US court Reinstates Lawsuit Accusing 16 Big Banks of Libor Manipulation

Sixteen major banks have been accused of conspiring to manipulate the Libor benchmark interest rate by a US appeals court on Monday which reinstated a civil lawsuit against the banks. the judges warned that the institutions could be bankrupted by the ruling which overturns a 2013 decision.

According to the US circuit court of appeals in Manhattan, based on the ground that the investors failed to allege harm to competition, a lower court judge erred in dismissing the antitrust portion of private litigation against Barclays, Bank of America, Deutsche Bank, HSBC, UBS and others.

Libor, or the London interbank offered rate is used to set rates on credit cards, student loans and mortgages and underpins hundreds of trillions of dollars of transactions. Submissions by banks that sit on panels forms the basis of the calculation of Libor.

In order to boost earnings or make their finances appear healthier, the big banks had suppressed Libor during the financial crisis, investors accused in the litigation that began in 2011.

The claims filed by private plaintiffs were dismissed by Manhattan federal district court judge Naomi Reice Buchwald back in early 2013. The plaintiffs failed to prove harm from such collusion and when the banks colluded to manipulate the Libor benchmark interest rate, they did not violate antitrust, ruled the judge in her 161 page decision.

At the time Barclays, UBS and Royal Bank of Scotland had already settled cases with more than $2.5bn in penalties and therefore Buchwald’s 2013 decision had surprised some. Including a penalty of $2.5bn against Deutsche Bank, penalties in Libor-rigging probes have climbed to roughly $9bn since the last ruling.

The three-judge appellate court panel disagreed with her decision.

“Appellants sustained their burden of showing injury by alleging that they paid artificially fixed higher prices,” Judge Dennis Jacobs wrote on behalf of the panel.
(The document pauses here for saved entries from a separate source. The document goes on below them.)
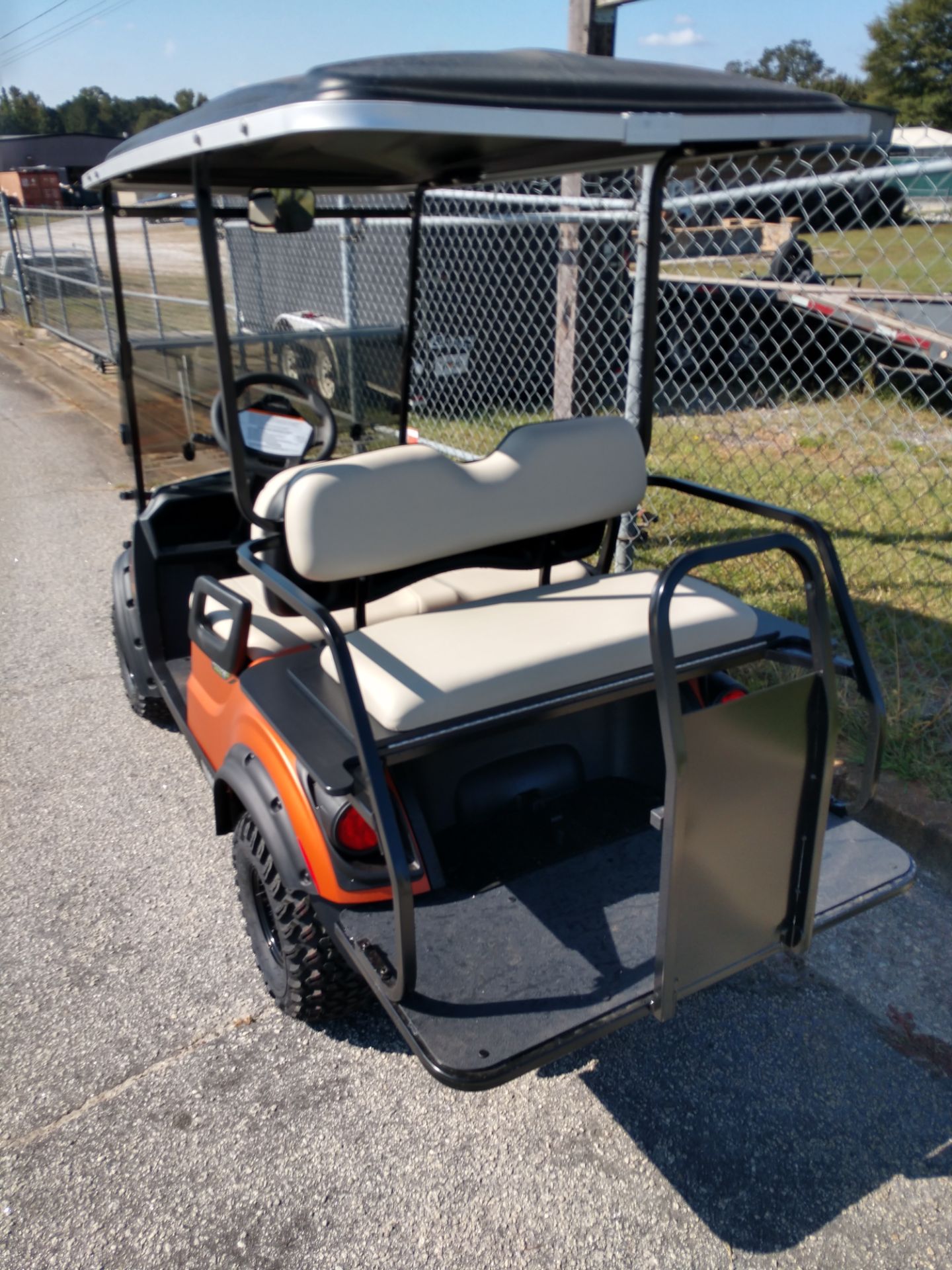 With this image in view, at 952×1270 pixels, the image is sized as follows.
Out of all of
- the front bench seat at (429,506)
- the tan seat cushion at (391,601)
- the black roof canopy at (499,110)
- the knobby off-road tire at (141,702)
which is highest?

The panel sent the case back to the lower court after determining that the plaintiffs had sufficiently shown they had been harmed by the alleged rate manipulations. Buchwald consider if the plaintiffs are the appropriate parties to bring such charges, two of the judges asked that when revisiting the case. Cities including Baltimore, San Diego and Houston are among the plaintiffs bringing charges against the 16 banks.
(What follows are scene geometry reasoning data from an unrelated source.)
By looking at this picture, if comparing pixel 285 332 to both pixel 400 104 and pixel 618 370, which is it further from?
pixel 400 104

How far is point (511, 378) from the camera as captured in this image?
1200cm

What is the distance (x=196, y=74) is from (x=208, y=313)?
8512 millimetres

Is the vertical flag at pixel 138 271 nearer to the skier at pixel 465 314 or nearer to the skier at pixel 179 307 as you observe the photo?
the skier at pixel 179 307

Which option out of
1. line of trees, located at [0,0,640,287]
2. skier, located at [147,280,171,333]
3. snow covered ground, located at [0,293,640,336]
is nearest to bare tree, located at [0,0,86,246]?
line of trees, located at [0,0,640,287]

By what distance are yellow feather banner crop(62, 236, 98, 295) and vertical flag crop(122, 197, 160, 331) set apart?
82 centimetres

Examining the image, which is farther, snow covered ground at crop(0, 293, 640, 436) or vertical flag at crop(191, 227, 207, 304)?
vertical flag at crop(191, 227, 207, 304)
The plaintiffs also warned of dire consequences should the case be proven against the banks. They would be eligible to receive triple damages and attorneys’ fees for any violations if the court were to rule in favor of the plaintiffs.

“Requiring the banks to pay treble damages to every plaintiff who ended up on the wrong side of an independent Libor‐denominated derivative swap would, if appellants’ allegations were proved at trial, not only bankrupt 16 of the world’s most important financial institutions, but also vastly extend the potential scope of antitrust liability in myriad markets where derivative instruments have proliferated,” the US court of appeals in New York said in the ruling issued on Monday. 

There are several other lawsuits in Manhattan that are seeking to hold banks liable for alleged price fixing in bond, commodity, currency, derivatives, interest rate and other financial markets and the decision could help such investors involved in the lawsuits.

“It strengthens the hand of investors in other price-fixing cases based on benchmarks that were reached in collaborative, or outright collusive, arrangements,” said Lawrence White, a professor at New York University’s Stern School of Business.